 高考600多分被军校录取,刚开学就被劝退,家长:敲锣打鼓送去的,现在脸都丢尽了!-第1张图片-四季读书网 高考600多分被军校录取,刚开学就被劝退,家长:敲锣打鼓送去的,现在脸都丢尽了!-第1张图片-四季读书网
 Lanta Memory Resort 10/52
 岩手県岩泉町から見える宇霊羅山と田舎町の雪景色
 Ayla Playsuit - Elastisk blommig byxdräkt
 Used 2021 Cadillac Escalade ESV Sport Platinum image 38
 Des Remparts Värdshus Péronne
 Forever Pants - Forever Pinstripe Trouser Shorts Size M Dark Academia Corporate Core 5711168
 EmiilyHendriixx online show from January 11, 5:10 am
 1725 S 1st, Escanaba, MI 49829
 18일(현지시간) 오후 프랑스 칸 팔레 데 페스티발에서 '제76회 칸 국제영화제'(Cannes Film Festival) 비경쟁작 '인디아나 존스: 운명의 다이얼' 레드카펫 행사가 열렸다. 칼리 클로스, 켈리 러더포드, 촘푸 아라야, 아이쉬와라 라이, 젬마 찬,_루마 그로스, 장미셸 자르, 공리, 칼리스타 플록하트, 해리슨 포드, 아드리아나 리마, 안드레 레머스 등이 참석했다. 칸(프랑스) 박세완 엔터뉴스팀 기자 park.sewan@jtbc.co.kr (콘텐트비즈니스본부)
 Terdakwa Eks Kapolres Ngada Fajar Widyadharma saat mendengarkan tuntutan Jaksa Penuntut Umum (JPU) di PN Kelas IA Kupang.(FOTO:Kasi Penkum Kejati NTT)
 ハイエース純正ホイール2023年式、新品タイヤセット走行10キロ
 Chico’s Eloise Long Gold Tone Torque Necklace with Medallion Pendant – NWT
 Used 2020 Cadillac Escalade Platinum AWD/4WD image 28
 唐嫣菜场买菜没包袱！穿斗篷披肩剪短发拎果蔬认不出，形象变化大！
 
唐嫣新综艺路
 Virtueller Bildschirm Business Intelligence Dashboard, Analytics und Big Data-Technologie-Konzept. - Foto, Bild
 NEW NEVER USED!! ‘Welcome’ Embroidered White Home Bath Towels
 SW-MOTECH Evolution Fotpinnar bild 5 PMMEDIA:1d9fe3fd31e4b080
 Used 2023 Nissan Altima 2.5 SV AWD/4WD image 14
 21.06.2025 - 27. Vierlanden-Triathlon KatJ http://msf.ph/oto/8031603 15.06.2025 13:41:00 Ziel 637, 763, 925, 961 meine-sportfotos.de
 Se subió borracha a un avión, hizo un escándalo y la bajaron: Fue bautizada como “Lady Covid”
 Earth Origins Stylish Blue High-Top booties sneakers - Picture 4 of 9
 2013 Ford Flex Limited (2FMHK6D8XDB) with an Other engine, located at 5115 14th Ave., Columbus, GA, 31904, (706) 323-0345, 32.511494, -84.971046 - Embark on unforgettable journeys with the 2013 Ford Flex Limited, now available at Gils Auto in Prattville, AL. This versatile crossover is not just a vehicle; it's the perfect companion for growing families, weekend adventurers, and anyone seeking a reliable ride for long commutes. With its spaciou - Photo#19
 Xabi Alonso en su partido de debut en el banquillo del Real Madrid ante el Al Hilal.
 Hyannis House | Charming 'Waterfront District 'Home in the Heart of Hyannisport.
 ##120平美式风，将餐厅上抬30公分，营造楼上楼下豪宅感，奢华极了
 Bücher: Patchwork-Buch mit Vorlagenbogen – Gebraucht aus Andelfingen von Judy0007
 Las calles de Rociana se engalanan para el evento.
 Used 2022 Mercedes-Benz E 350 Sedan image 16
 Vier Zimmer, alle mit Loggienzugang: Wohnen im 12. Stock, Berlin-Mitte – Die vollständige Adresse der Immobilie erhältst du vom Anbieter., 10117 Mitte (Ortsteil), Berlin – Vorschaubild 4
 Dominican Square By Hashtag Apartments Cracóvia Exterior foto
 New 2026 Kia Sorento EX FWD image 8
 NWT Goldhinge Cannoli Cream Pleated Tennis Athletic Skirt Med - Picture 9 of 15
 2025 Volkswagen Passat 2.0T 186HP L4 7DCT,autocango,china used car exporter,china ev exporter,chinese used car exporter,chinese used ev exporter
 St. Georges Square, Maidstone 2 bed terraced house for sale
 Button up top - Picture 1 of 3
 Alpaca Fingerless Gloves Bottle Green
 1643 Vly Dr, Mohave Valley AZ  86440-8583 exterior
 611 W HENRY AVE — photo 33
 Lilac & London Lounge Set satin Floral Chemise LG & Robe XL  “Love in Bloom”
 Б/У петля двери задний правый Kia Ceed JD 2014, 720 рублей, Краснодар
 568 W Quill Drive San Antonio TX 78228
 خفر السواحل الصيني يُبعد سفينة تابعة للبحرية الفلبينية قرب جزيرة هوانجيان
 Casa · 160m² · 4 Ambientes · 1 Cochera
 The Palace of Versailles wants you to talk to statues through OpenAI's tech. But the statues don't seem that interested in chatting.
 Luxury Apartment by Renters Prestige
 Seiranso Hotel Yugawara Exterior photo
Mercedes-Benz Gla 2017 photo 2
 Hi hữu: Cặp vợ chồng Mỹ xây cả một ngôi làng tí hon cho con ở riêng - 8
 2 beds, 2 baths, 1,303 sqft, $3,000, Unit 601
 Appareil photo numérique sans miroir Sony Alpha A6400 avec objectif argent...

Required action:
In full and without alteration, write out each record.

Written response:
 高考600多分被军校录取,刚开学就被劝退,家长:敲锣打鼓送去的,现在脸都丢尽了!-第1张图片-四季读书网 高考600多分被军校录取,刚开学就被劝退,家长:敲锣打鼓送去的,现在脸都丢尽了!-第1张图片-四季读书网
 Lanta Memory Resort 10/52
 岩手県岩泉町から見える宇霊羅山と田舎町の雪景色
 Ayla Playsuit - Elastisk blommig byxdräkt
 Used 2021 Cadillac Escalade ESV Sport Platinum image 38
 Des Remparts Värdshus Péronne
 Forever Pants - Forever Pinstripe Trouser Shorts Size M Dark Academia Corporate Core 5711168
 EmiilyHendriixx online show from January 11, 5:10 am
 1725 S 1st, Escanaba, MI 49829
 18일(현지시간) 오후 프랑스 칸 팔레 데 페스티발에서 '제76회 칸 국제영화제'(Cannes Film Festival) 비경쟁작 '인디아나 존스: 운명의 다이얼' 레드카펫 행사가 열렸다. 칼리 클로스, 켈리 러더포드, 촘푸 아라야, 아이쉬와라 라이, 젬마 찬,_루마 그로스, 장미셸 자르, 공리, 칼리스타 플록하트, 해리슨 포드, 아드리아나 리마, 안드레 레머스 등이 참석했다. 칸(프랑스) 박세완 엔터뉴스팀 기자 park.sewan@jtbc.co.kr (콘텐트비즈니스본부)
 Terdakwa Eks Kapolres Ngada Fajar Widyadharma saat mendengarkan tuntutan Jaksa Penuntut Umum (JPU) di PN Kelas IA Kupang.(FOTO:Kasi Penkum Kejati NTT)
 ハイエース純正ホイール2023年式、新品タイヤセット走行10キロ
 Chico’s Eloise Long Gold Tone Torque Necklace with Medallion Pendant – NWT
 Used 2020 Cadillac Escalade Platinum AWD/4WD image 28
 唐嫣菜场买菜没包袱！穿斗篷披肩剪短发拎果蔬认不出，形象变化大！
 
唐嫣新综艺路
 Virtueller Bildschirm Business Intelligence Dashboard, Analytics und Big Data-Technologie-Konzept. - Foto, Bild
 NEW NEVER USED!! ‘Welcome’ Embroidered White Home Bath Towels
 SW-MOTECH Evolution Fotpinnar bild 5 PMMEDIA:1d9fe3fd31e4b080
 Used 2023 Nissan Altima 2.5 SV AWD/4WD image 14
 21.06.2025 - 27. Vierlanden-Triathlon KatJ http://msf.ph/oto/8031603 15.06.2025 13:41:00 Ziel 637, 763, 925, 961 meine-sportfotos.de
 Se subió borracha a un avión, hizo un escándalo y la bajaron: Fue bautizada como “Lady Covid”
 Earth Origins Stylish Blue High-Top booties sneakers - Picture 4 of 9
 2013 Ford Flex Limited (2FMHK6D8XDB) with an Other engine, located at 5115 14th Ave., Columbus, GA, 31904, (706) 323-0345, 32.511494, -84.971046 - Embark on unforgettable journeys with the 2013 Ford Flex Limited, now available at Gils Auto in Prattville, AL. This versatile crossover is not just a vehicle; it's the perfect companion for growing families, weekend adventurers, and anyone seeking a reliable ride for long commutes. With its spaciou - Photo#19
 Xabi Alonso en su partido de debut en el banquillo del Real Madrid ante el Al Hilal.
 Hyannis House | Charming 'Waterfront District 'Home in the Heart of Hyannisport.
 ##120平美式风，将餐厅上抬30公分，营造楼上楼下豪宅感，奢华极了
 Bücher: Patchwork-Buch mit Vorlagenbogen – Gebraucht aus Andelfingen von Judy0007
 Las calles de Rociana se engalanan para el evento.
 Used 2022 Mercedes-Benz E 350 Sedan image 16
 Vier Zimmer, alle mit Loggienzugang: Wohnen im 12. Stock, Berlin-Mitte – Die vollständige Adresse der Immobilie erhältst du vom Anbieter., 10117 Mitte (Ortsteil), Berlin – Vorschaubild 4
 Dominican Square By Hashtag Apartments Cracóvia Exterior foto
 New 2026 Kia Sorento EX FWD image 8
 NWT Goldhinge Cannoli Cream Pleated Tennis Athletic Skirt Med - Picture 9 of 15
 2025 Volkswagen Passat 2.0T 186HP L4 7DCT,autocango,china used car exporter,china ev exporter,chinese used car exporter,chinese used ev exporter
 St. Georges Square, Maidstone 2 bed terraced house for sale
 Button up top - Picture 1 of 3
 Alpaca Fingerless Gloves Bottle Green
 1643 Vly Dr, Mohave Valley AZ  86440-8583 exterior
 611 W HENRY AVE — photo 33
 Lilac & London Lounge Set satin Floral Chemise LG & Robe XL  “Love in Bloom”
 Б/У петля двери задний правый Kia Ceed JD 2014, 720 рублей, Краснодар
 568 W Quill Drive San Antonio TX 78228
 خفر السواحل الصيني يُبعد سفينة تابعة للبحرية الفلبينية قرب جزيرة هوانجيان
 Casa · 160m² · 4 Ambientes · 1 Cochera
 The Palace of Versailles wants you to talk to statues through OpenAI's tech. But the statues don't seem that interested in chatting.
 Luxury Apartment by Renters Prestige
 Seiranso Hotel Yugawara Exterior photo
Mercedes-Benz Gla 2017 photo 2
 Hi hữu: Cặp vợ chồng Mỹ xây cả một ngôi làng tí hon cho con ở riêng - 8
 2 beds, 2 baths, 1,303 sqft, $3,000, Unit 601
 Appareil photo numérique sans miroir Sony Alpha A6400 avec objectif argent...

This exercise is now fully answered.